World as One Family by Work Camp

このブログに書いてあること

 2002年から現在に至るまで、僕らは中国華南地方の6つの省にあるハンセン病快復村60ヶ所で活動し、参加者は延べ2万人以上となった。活動はインドネシア、インドなどに飛び火している。

 この18年間は、活動を中国に根づかせることに使ってきた。外国人である韓国人や日本人が始めた活動を中国人が「自分事」として行うようになり、それを運営する組織、法人、代表、資金を現地化する試みだった。その現地化の段階は下記のように区切ることができる。

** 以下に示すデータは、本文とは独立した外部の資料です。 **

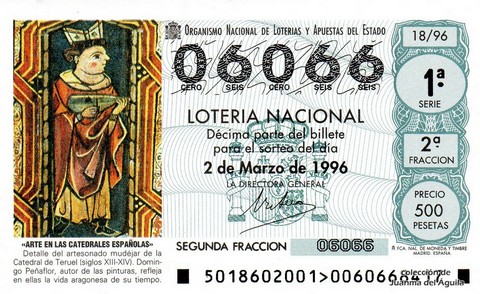 Décimo de Lotería Nacional de 1996 Sorteo 18 - «ARTE EN LAS CATEDRALES ESPAÑOLAS». DETALLE DEL ARTESONADO MUDÉJAR DE LA CATEDRAL DE TERUEL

 ① 韓国人と日本人による中国での活動開始(2001年~2002年)
 ② 現地学生の活動参画(2003年)
 ③ 活動団体(JIA)の設立(2004年)
 ④ 活動主体の現地化と活動地域の拡大(2005年~2007年)
 ⑤ 活動の組織化と法人登録(2008年~2012年)
 ⑥ 活動と組織の発展、資金調達の多様化(2013年~2016年)
 ⑦ 組織代表者の現地化(2016年~2018年)
 ⑧ 組織力強化(組織力での資金調達、各地区委員会の各地区での法人登録)(2019年~)

 僕は、このような活動の記録やその間考えてきたこと、感じたことをきちんとこのブログに残してこなかった。
 今、過去の資料をひっくり返しながら、ここに書き加えている。
 そして、その過程が、World as One Family by Work Campの第二章への道を指し示すのではないかと期待している。

★★★

やさしさ

要らんと言ったら、要らん

インインのサンダルを持って蘇さんのところに昼ご飯を食べに行く。一度はサンダルを断った蘇さんも、実物を見れば気が変わるかもしれない。筆談で説得にかかる。

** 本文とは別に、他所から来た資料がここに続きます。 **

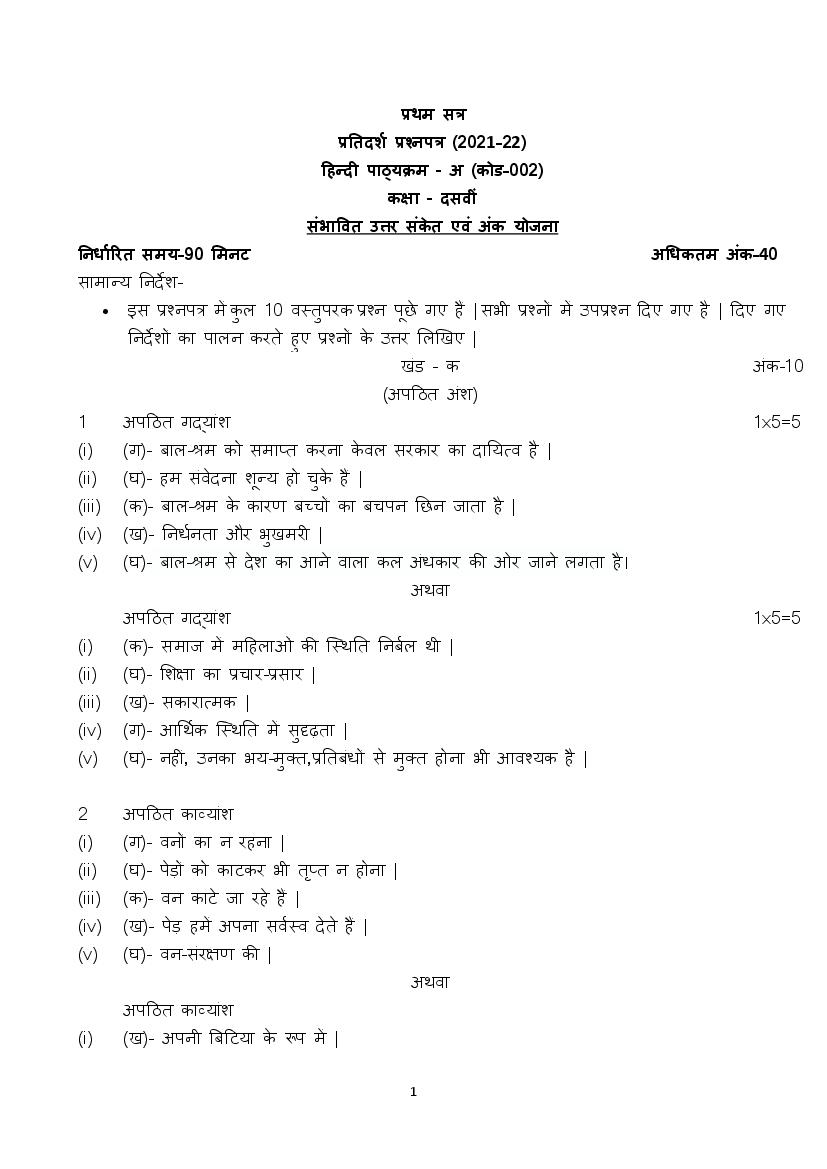 CBSE Class 10 Marking Scheme 2022 for Hindi Course A - Page 1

「このサンダルは足の裏のタコ傷を治すためのものなんです。この図を見てください。この黄色い装具がタコに加わる圧力を減らすんです」。

「マイ」(要らん)。

「もし蘇さんが面倒でなければ、つくらせてください。いつもゴチソウしてもらうばかりでボクは何もしていませんし」。

「マイ」。

「ちょっと試させてくださいよ。蘇さんのタコに合わせて装具を削るんですよ。履き心地が悪かったら捨てちゃっていいですから」。

「マーイ」。

「タコ傷を放っておくと悪化しますよ。心配です」。

「アイチュアーイ、マイチユマーイ!」(要ると言ったら要る、要らんと言ったら要らん!)

蘇さんは歩けないので要らないという。しかし、座ったまま移動するときにも、タコ傷に体重がかかっている。このサンダルを履けば傷はよくなる可能性がある。だが、本人の同意なしではどうにもならない。

やさしさ

薄暗くなってきた夕方、許さんと飲茶タバコをする。

ランプの灯りを頼りに黙々とお茶を入れる許さん。ラジオからはクラシックが流れる。

と、彼は懐中電灯を照らし、竹の棒を引っ張り出す。それを折ろうとする。部分的に麻痺した指でグリグリと竹をねじる。手に傷をつくりそうなので、代わりに私が折る。

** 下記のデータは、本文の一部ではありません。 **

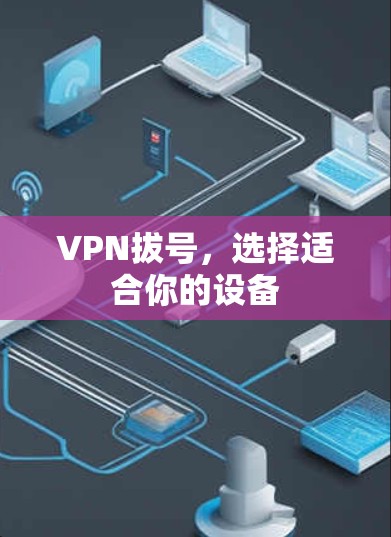 VPN拔号,选择适合你的设备 VPN拔号,选择适合你的设备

今度は、折れた竹をナイフで割こうとする。暗く光るランプのもと、危なっかしくナイフを扱う。

竹ひごをつくった許さんは、また懐中電灯をつけ、綿を少しちぎり、竹の先に巻き付ける。そして、酢のビンをランプの光にかざし、残り少ない酢にその綿棒を浸す。

許さんは、足をかきむしる私の手を抑えると、黙ったまま、蚊に食われた個所に酢をつけてくれる。酢の冷たさを感じると、痒みが引いていく。私の足は虫刺されだらけだ。ゆっくりと、丁寧に酢は塗られていく。足とその上を動く綿棒を見て、胸がキュッと痛くなる。